La stratégie est désormais bien rodée. Chaque fois que le parti Démocrates de Suède (SD) essuie des critiques concernant son idéologie, les propos haineux tenus par ses élus et militants ou bien ses comptes anonymes sur les réseaux sociaux, la formation d’extrême droite, alliée de la droite gouvernementale, se dit victime d’une conspiration ourdie par la gauche. Depuis le 16 octobre, le Comité suédois de lutte contre l’antisémitisme est dans son viseur.

Fondé en 1983, cet organisme indépendant et reconnu agace depuis longtemps les Démocrates de Suède. En rappelant systématiquement l’histoire du parti, issu de la mouvance néonazie, ainsi que les dérapages réguliers de ses responsables, le comité contredit le discours officiel des SD, parti qui estime devoir être dédouané de tout soupçon d’antisémitisme en raison de son soutien sans faille à Israël.

« Tolérance zéro claire contre le racisme »

Visiblement excédés que les critiques du comité soient de nouveau évoquées lors d’un débat télévisé, le 13 octobre, le chef de file du parti, Jimmie Akesson, et quatre de ses lieutenants ont signé une tribune, trois jours plus tard, dans le tabloïd Aftonbladet. Ils y dénoncent « des accusations graves, mal étayées et qui semblent reposer sur des interprétations erronées et de pures inexactitudes ».

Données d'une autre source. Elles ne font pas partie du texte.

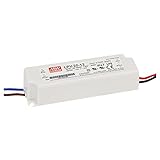 LED Netzteil 20W 24V 0,84A ; MeanWell, LPV-20-24 ; Schaltnetzteil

Admettant l’histoire problématique de leur formation – « il y a eu des individus aux opinions douteuses et aux liens avec des organisations extrémistes » –, ils assurent mener « un travail systématique et ciblé pour se débarrasser de ce type de problèmes, depuis au moins vingt ans », avec « une tolérance zéro claire contre le racisme et l’extrémisme ».

Dès le lendemain, la présidente du comité, Ulrika Knutson, a répondu dans les pages d’Aftonbladet. Selon elle, les tentatives du parti de se présenter comme « un modèle dans la lutte contre la haine à l’égard des juifs manque de crédibilité ». Elle accuse les SD d’instrumentaliser l’antisémitisme : ils « s’y opposent fortement lorsque la question peut être utilisée pour attaquer des opposants politiques et des minorités », mais sont « beaucoup plus indulgents lorsqu’il s’agit de déclarations dans leurs propres rangs », constate-t-elle.

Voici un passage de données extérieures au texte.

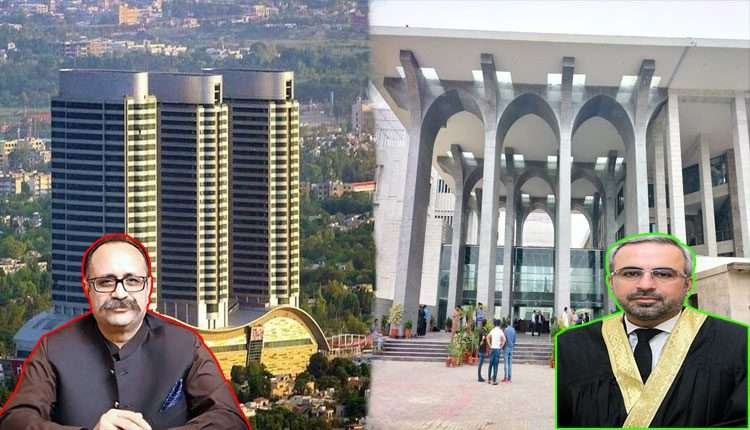 سینٹورس مال کے مالکان شہریوں ،سرکاری املاک پر قابض  ہونے کا انکشاف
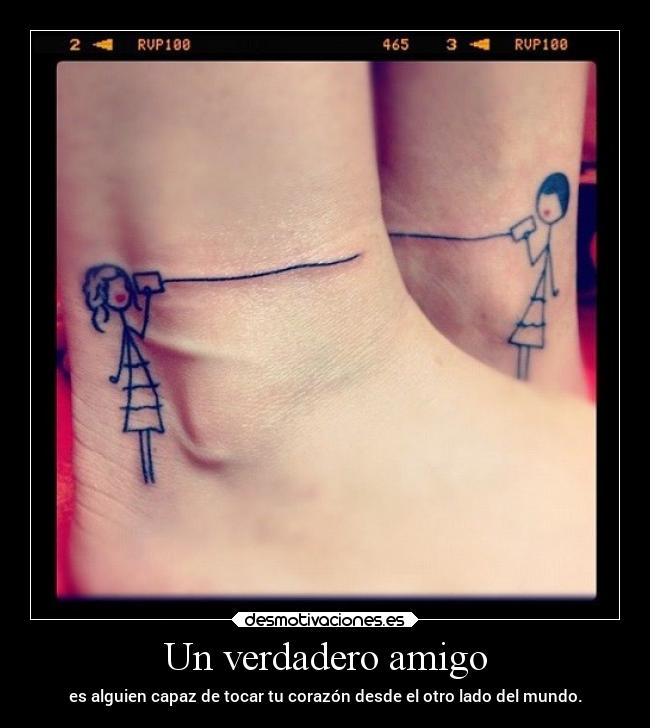 Un verdadero amigo -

Méthodiquement, Mme Knutson fait la démonstration de ce qu’elle avance, revenant sur les propos tenus par quatre des cinq signataires de la tribune. Richard Jomshof, président du comité des affaires juridiques du Parlement, déclarait ainsi en 2015 que les juifs de Suède ne constituaient pas un problème « car le groupe juif est tellement petit ». Björn Söder, ancien vice-président du Parlement, doutait en 2014 que les juifs puissent devenir suédois et reprenait en 2019 une théorie complotiste, affirmant que le milliardaire américain d’origine hongroise George Soros était « celui qui tir[ait] les ficelles » de l’Union européenne.